Émettre toutefois, avant de nous y mettre, une dernière hypothèse.

Hypothèse 5 : une lecture restrictive des cut-up, lecture essentiellement « esthétique », ne permet pas de comprendre la « trajectoire » de B. Les raisons pour lesquelles, plus tard, des années 1970 aux années 1990, il reviendra à une écriture d’apparence plus sage, notamment dans sa seconde trilogie. Paradoxalement, si l’on s’en tient à une lecture restrictive des cut-up, on focalise notre attention sur une espèce de « geste inaugural », sacralisant une époque, faisant du cut-up un cliché, un slogan, un chromo de plus, auquel se résumerait B. Comme si le cut-up, geste spectaculaire et provocateur, certes, se suffisait à lui-même. Avait été un but en soi. Alors qu’il n’est qu’un des éléments d’une recherche intense, courant tous azimuts, touchant tous les domaines. Élément essentiel, bien sûr.

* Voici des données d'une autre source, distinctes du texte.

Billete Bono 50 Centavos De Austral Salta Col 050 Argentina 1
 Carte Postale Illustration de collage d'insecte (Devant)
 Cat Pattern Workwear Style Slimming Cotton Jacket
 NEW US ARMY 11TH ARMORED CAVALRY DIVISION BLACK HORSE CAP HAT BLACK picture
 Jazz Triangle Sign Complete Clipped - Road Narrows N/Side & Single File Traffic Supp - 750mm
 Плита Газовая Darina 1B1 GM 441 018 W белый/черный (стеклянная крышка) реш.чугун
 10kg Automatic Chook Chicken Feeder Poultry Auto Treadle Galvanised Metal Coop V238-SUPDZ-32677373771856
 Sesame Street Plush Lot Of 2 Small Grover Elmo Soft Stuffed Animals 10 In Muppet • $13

De toute évidence, qui se souviendrait de B s’il n’y avait eu le cut-up ?

N’empêche.

Si l’on veut que le feuilleton se poursuive, il faut maintenant creuser. Comprendre un peu ce que sont ces langues étrangères qui naissent de cette pratique. Les appréhender. Un peu. Malgré leur caractère déceptif. Leur façon radicale de nous botter en touche. De nous mettre hors du jeu.